# WHAT THE EXERCISE ASKS
Starting at the line that contains "セーラー服 パーカー スウェット 長袖 女の子 女子高生 トップス", quote each line exactly through the last line of the entries, both included.

# Stored dataset items
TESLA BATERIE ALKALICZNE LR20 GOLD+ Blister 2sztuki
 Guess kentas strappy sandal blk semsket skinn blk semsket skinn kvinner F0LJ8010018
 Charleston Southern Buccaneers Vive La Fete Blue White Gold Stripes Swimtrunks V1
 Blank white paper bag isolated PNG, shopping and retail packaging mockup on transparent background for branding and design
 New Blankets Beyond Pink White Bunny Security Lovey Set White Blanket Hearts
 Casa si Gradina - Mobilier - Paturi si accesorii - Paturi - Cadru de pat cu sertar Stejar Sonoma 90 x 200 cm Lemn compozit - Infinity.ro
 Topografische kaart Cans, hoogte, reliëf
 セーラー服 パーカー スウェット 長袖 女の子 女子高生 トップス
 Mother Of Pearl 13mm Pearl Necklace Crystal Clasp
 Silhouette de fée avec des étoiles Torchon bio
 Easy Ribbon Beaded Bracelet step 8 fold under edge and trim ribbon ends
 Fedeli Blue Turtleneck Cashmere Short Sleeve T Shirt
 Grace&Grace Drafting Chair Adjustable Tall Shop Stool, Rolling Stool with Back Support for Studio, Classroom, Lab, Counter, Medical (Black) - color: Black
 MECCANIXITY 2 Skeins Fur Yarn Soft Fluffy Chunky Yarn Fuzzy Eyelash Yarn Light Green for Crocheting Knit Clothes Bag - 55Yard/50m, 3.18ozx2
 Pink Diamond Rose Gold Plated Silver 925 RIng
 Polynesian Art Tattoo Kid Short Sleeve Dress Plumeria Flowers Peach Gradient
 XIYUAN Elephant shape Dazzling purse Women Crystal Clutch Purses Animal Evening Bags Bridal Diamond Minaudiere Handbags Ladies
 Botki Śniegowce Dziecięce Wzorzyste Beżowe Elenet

# ANSWER SPACE
 セーラー服 パーカー スウェット 長袖 女の子 女子高生 トップス
 Mother Of Pearl 13mm Pearl Necklace Crystal Clasp
 Silhouette de fée avec des étoiles Torchon bio
 Easy Ribbon Beaded Bracelet step 8 fold under edge and trim ribbon ends
 Fedeli Blue Turtleneck Cashmere Short Sleeve T Shirt
 Grace&Grace Drafting Chair Adjustable Tall Shop Stool, Rolling Stool with Back Support for Studio, Classroom, Lab, Counter, Medical (Black) - color: Black
 MECCANIXITY 2 Skeins Fur Yarn Soft Fluffy Chunky Yarn Fuzzy Eyelash Yarn Light Green for Crocheting Knit Clothes Bag - 55Yard/50m, 3.18ozx2
 Pink Diamond Rose Gold Plated Silver 925 RIng
 Polynesian Art Tattoo Kid Short Sleeve Dress Plumeria Flowers Peach Gradient
 XIYUAN Elephant shape Dazzling purse Women Crystal Clutch Purses Animal Evening Bags Bridal Diamond Minaudiere Handbags Ladies
 Botki Śniegowce Dziecięce Wzorzyste Beżowe Elenet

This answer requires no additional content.